What are soft and softer handover in 3G UMTS mobile system?
Handovers are an important part of every cellular communication system. They are used for providing mobility in cellular architectures. In UMTS systems different handover types have been introduced to cope also with other requirements as load control, coverage provisioning and offering quality of services.
Handover aims to provide continuity of mobile services to a user traveling over cell boundaries in a cellular infrastructure. For a user having an ongoing communication and crossing the cell edge, it is more favorable to use the radio resources in the new cell – also called the target cell because the signal strength perceived in the “old” cell worsens as the user penetrates the target cell.
The whole process of tearing down the existing connection in the current cell and establishing a new connection in the appropriate cell is called “handover”. The ability of a cellular network to perform efficient handovers is crucial to offer attractive services as real-time applications or streaming media as planned in third generation networks.
Especially in WCDMA two special types of handovers have been introduced; soft and softer handovers, allowing a mobile user to use 2 separate air interface channels when being in the overlapping area of two adjacent sectors.

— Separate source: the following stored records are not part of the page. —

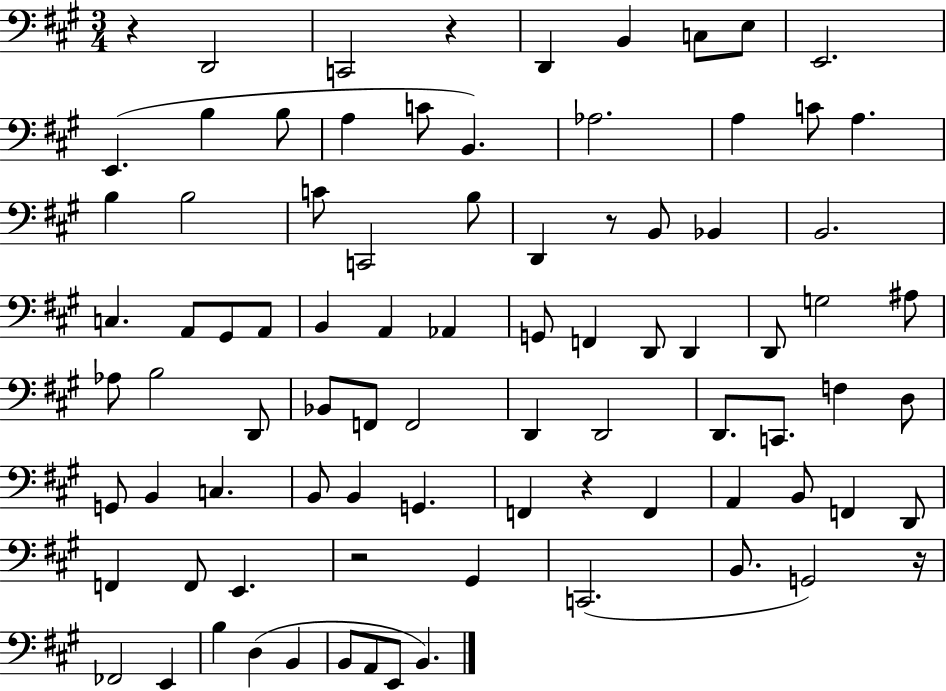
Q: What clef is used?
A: bass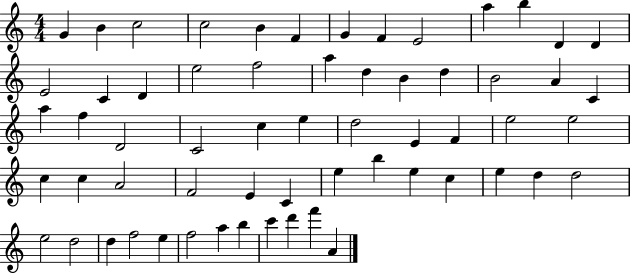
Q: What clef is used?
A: treble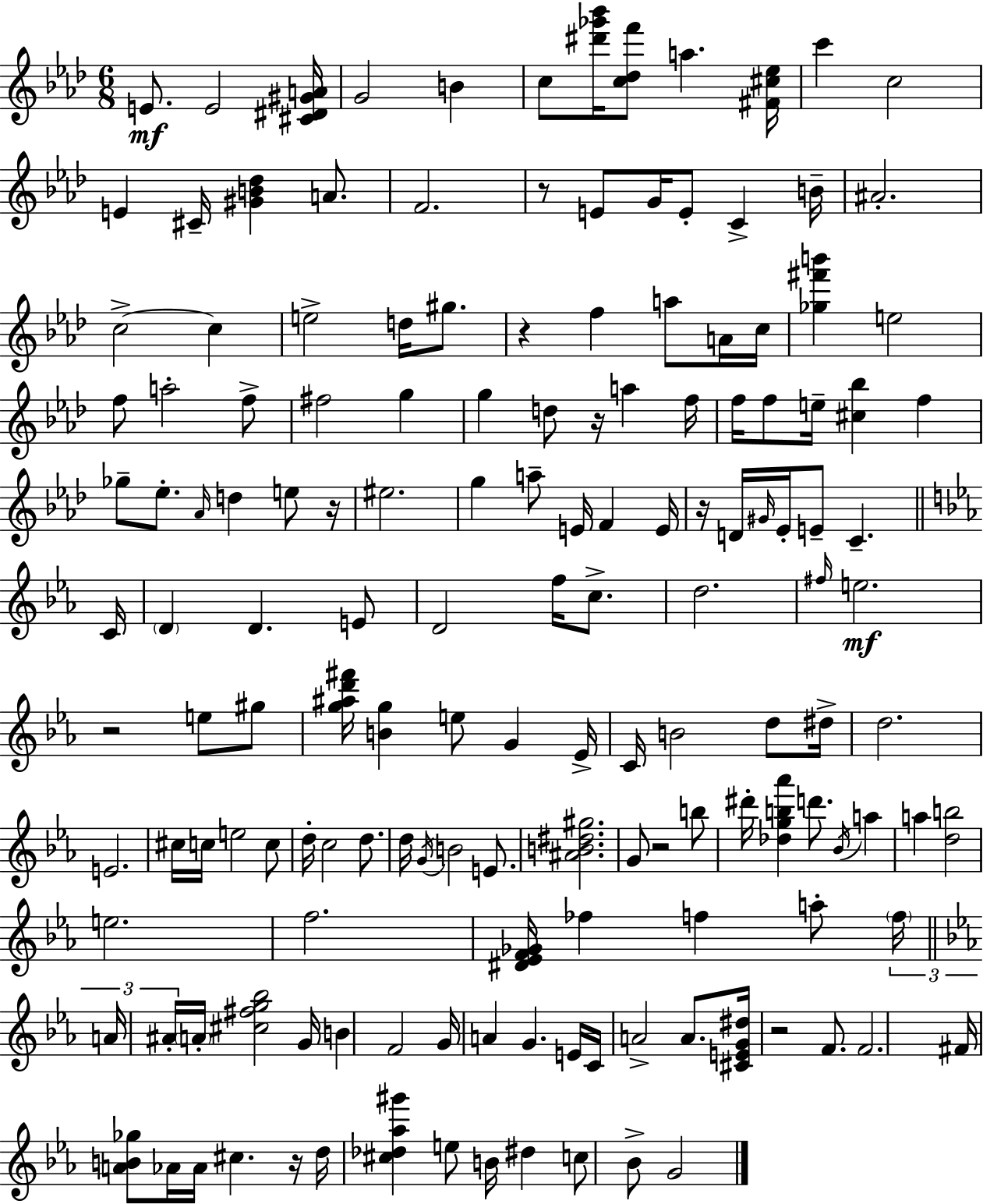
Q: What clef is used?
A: treble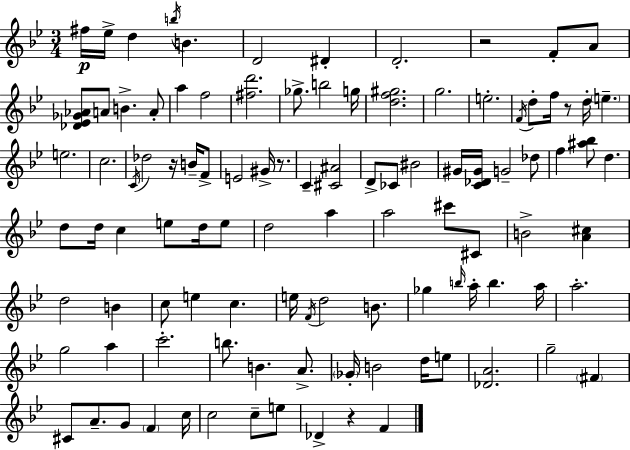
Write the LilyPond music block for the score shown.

{
  \clef treble
  \numericTimeSignature
  \time 3/4
  \key g \minor
  fis''16\p ees''16-> d''4 \acciaccatura { b''16 } b'4. | d'2 dis'4-. | d'2.-. | r2 f'8-. a'8 | \break <des' ees' ges' aes'>8 a'8 b'4.-> a'8-. | a''4 f''2 | <fis'' d'''>2. | ges''8.-> b''2 | \break g''16 <d'' f'' gis''>2. | g''2. | e''2.-. | \acciaccatura { f'16 } d''8-. f''16 r8 d''16-. \parenthesize e''4.-- | \break e''2. | c''2. | \acciaccatura { c'16 } des''2 r16 | b'16-- f'8-> e'2 gis'16-> | \break r8. c'4-- <cis' ais'>2 | d'8-> ces'8 bis'2 | gis'16 <c' des' gis'>16 g'2-- | des''8 f''4 <ais'' bes''>8 d''4. | \break d''8 d''16 c''4 e''8 | d''16 e''8 d''2 a''4 | a''2 cis'''8 | cis'8 b'2-> <a' cis''>4 | \break d''2 b'4 | c''8 e''4 c''4. | e''16 \acciaccatura { f'16 } d''2 | b'8. ges''4 \grace { b''16 } a''16-. b''4. | \break a''16 a''2.-. | g''2 | a''4 c'''2.-. | b''8. b'4. | \break a'8.-> \parenthesize ges'16-. b'2 | d''16 e''8 <des' a'>2. | g''2-- | \parenthesize fis'4 cis'8 a'8.-- g'8 | \break \parenthesize f'4 c''16 c''2 | c''8-- e''8 des'4-> r4 | f'4 \bar "|."
}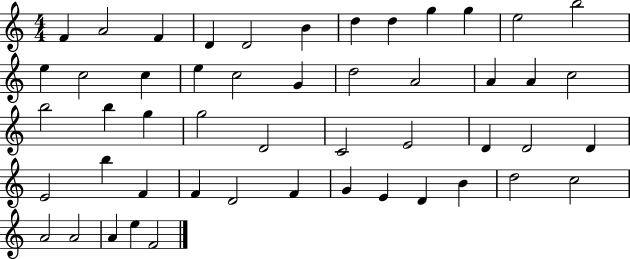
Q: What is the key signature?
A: C major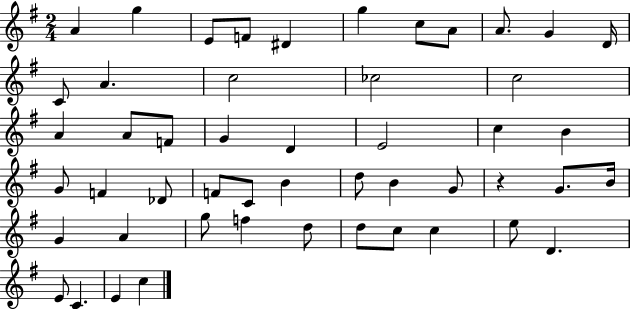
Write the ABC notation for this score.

X:1
T:Untitled
M:2/4
L:1/4
K:G
A g E/2 F/2 ^D g c/2 A/2 A/2 G D/4 C/2 A c2 _c2 c2 A A/2 F/2 G D E2 c B G/2 F _D/2 F/2 C/2 B d/2 B G/2 z G/2 B/4 G A g/2 f d/2 d/2 c/2 c e/2 D E/2 C E c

Soft & Softer handovers are similar in techniques but there are some differences in both the techniques.
Softer handover is the situation where one base station receives two user signals from two adjacent sectors it serves. In the case of softer handover the base station receives 2 separated signals through multi-path propagation. Due to reflections on buildings or natural barriers the signal sent from the mobile stations reaches the base station from two different sectors.

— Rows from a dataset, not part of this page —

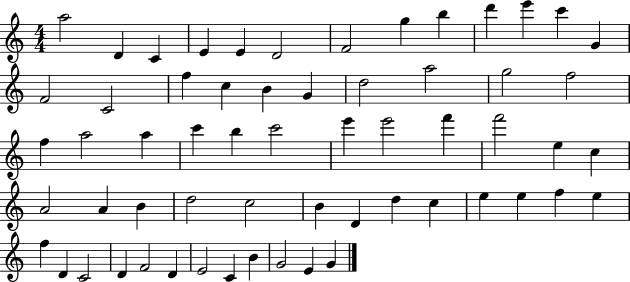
{
  \clef treble
  \numericTimeSignature
  \time 4/4
  \key c \major
  a''2 d'4 c'4 | e'4 e'4 d'2 | f'2 g''4 b''4 | d'''4 e'''4 c'''4 g'4 | \break f'2 c'2 | f''4 c''4 b'4 g'4 | d''2 a''2 | g''2 f''2 | \break f''4 a''2 a''4 | c'''4 b''4 c'''2 | e'''4 e'''2 f'''4 | f'''2 e''4 c''4 | \break a'2 a'4 b'4 | d''2 c''2 | b'4 d'4 d''4 c''4 | e''4 e''4 f''4 e''4 | \break f''4 d'4 c'2 | d'4 f'2 d'4 | e'2 c'4 b'4 | g'2 e'4 g'4 | \break \bar "|."
}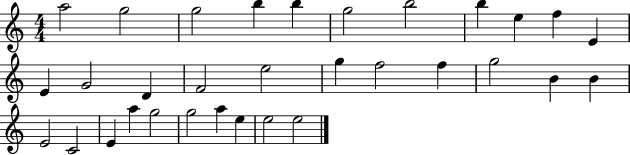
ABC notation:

X:1
T:Untitled
M:4/4
L:1/4
K:C
a2 g2 g2 b b g2 b2 b e f E E G2 D F2 e2 g f2 f g2 B B E2 C2 E a g2 g2 a e e2 e2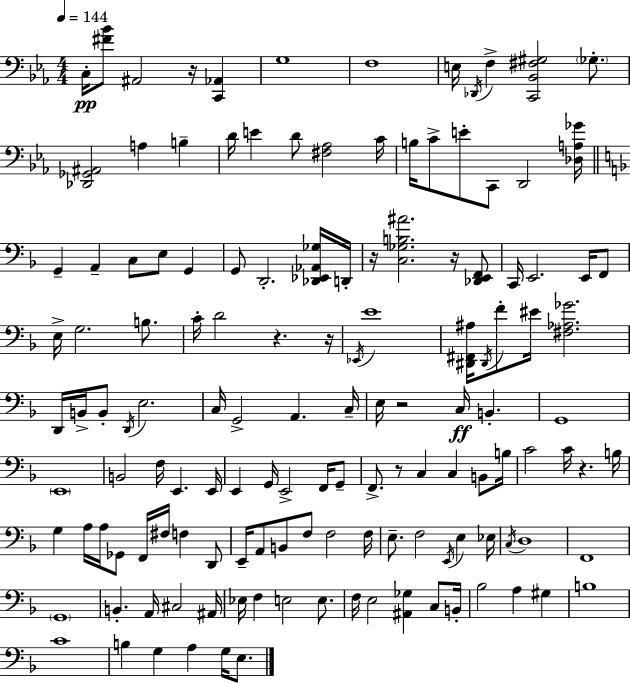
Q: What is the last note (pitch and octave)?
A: E3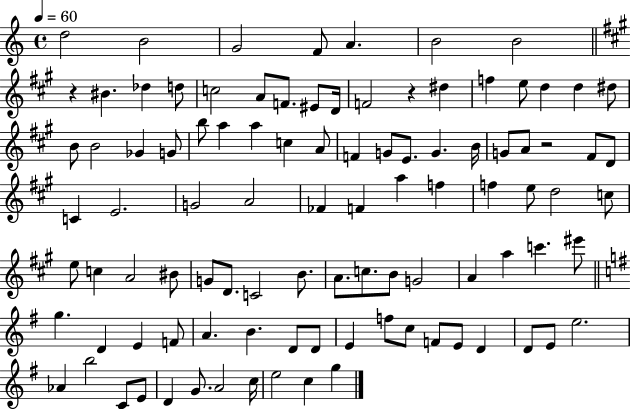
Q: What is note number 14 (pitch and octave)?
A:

The signals received during softer handover are treated similarly as multi-path signals. In the uplink direction the signals received at the base station are routed to the same rake receiver and then combined following the maximum ratio combining technique. In the downlink direction the situation is slightly different as the base station uses different scrambling codes to separate the different sectors it serves.
So it is necessary for the different fingers of the rake receiver in the mobile terminal to apply the appropriate de-spreading code on the signals received from the different sectors before combining them together.

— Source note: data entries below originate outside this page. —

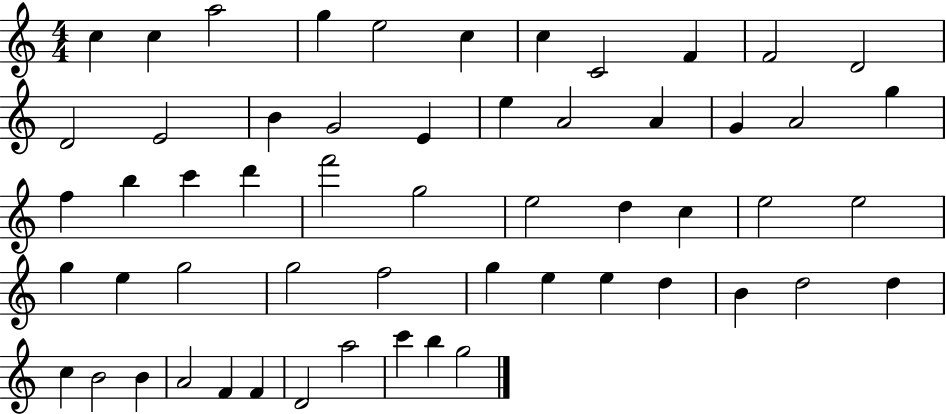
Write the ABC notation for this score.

X:1
T:Untitled
M:4/4
L:1/4
K:C
c c a2 g e2 c c C2 F F2 D2 D2 E2 B G2 E e A2 A G A2 g f b c' d' f'2 g2 e2 d c e2 e2 g e g2 g2 f2 g e e d B d2 d c B2 B A2 F F D2 a2 c' b g2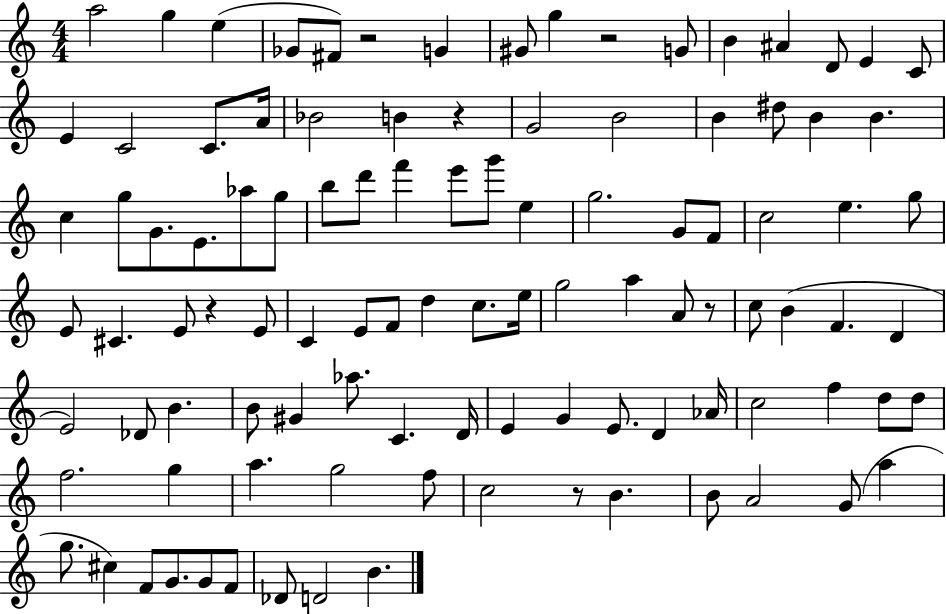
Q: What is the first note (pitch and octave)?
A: A5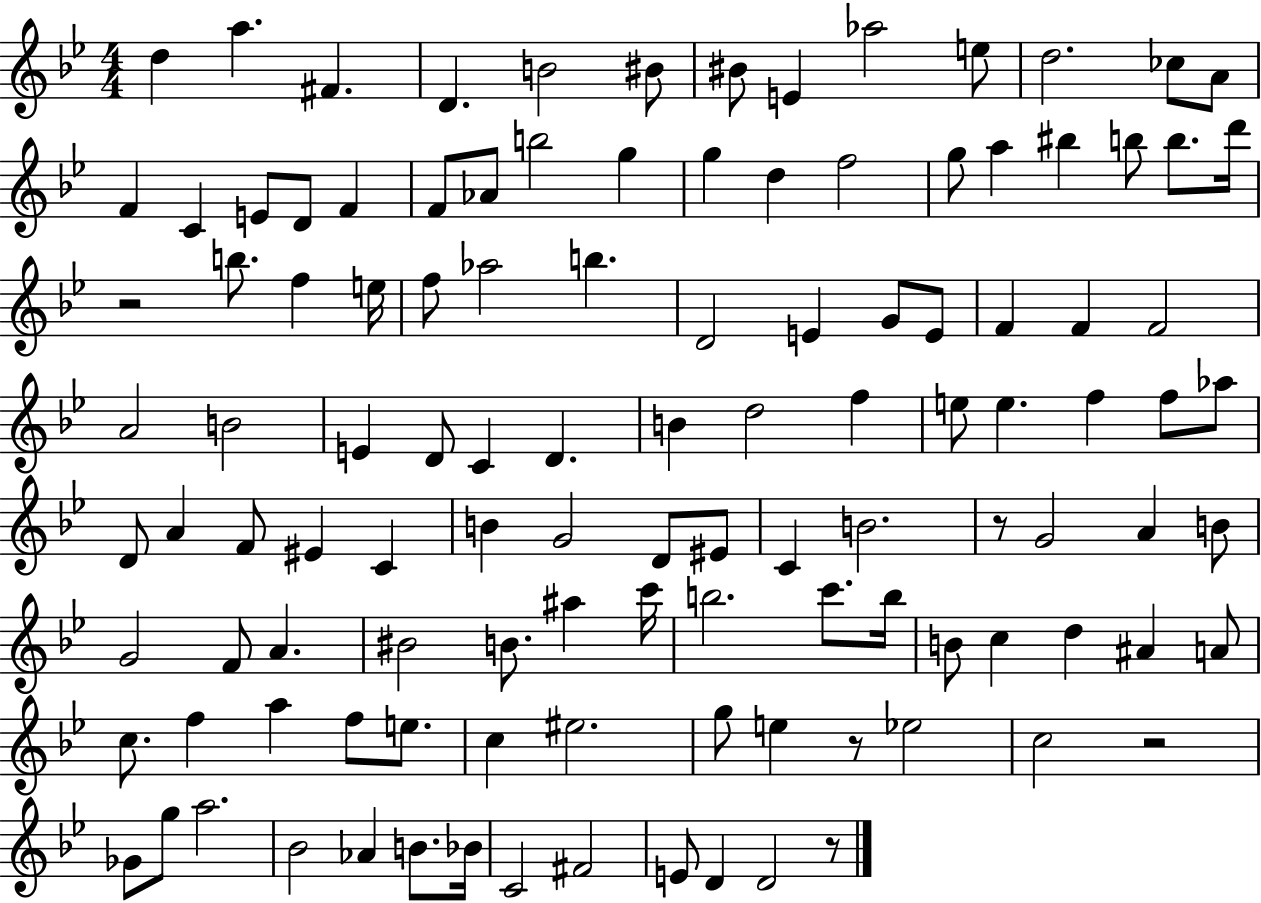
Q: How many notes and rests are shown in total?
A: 115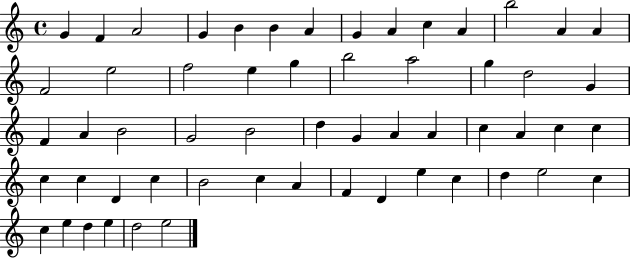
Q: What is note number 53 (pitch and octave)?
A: E5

In the case of soft handover the mobile station is in the overlapping cell coverage area of two sectors belonging to different base stations.
In downlink direction the signals received from the two different base stations are combined using MRC Rake processing in the mobile station.
In the uplink direction the received signals can no longer be combined in the base station but are routed to the RNC. The combining follows a different principle; in the RNC the two signals are compared on a frame-by-frame basis and the best candidate is selected after each interleaving period; i.e. every 10, 20, 40 or 80ms. As the outer loop power control algorithm measures the SNR of received uplink signals at a rate between 10 and 100Hz, this information is used to select the frame with the best quality during the soft handover.
The Soft Handover procedure is composed of a number of single functions:
- Filtering of Measurements
- Reporting of Measurement results
- The Soft Handover Algorithm
- Execution of Handover
Soft Handover Algorithm
Soft handover in practice is a complex technique. The following example will describe soft handover for best case scenario.
Before describing the above scenario we need to know three important terms.
User information is sent all the cell belongs to Active Set. In FDD, the cells in the active set are involved in soft handover. In TDD the active set always comprises one cell only. The UE shall only consider active set cells included in the variable CELL_INFO_LIST for measurement; i.e. active set cells not included in the CELL_INFO_LIST shall not be considered in any event evaluation and measurement reporting.
Cells, which are not included in the active set, but are included in the CELL_INFO_LIST belong to the monitored set.
Cells detected by the UE, which are neither in the CELL_INFO_LIST nor in the active set belong to the detected set. Reporting of measurements of the detected set is only applicable to intra-frequency measurements made by UEs in CELL_DCH state.
The above scenario can be devided into three different parts.
Radio Link Addition (Event 1A)
Event 1A is triggered when a primary CPICH enters the reporting range. This means when a cell is strong enough to enter into Active Set.
Radio Link Deletion (Event 1B)
Event 1B is triggered when a primary CPICH leaves the reporting range. This happens when a cell in active set become weak and needs to be removed from Active Set.
Combined Radio Link Addition & Deletion (Event 1C)
Event 1C is triggered when a non-active primary CPICH becomes better than an active primary CPICH. When this event is triggered a primary CPICH is removed from the Active Set and a new stronger cell is added into Active Set.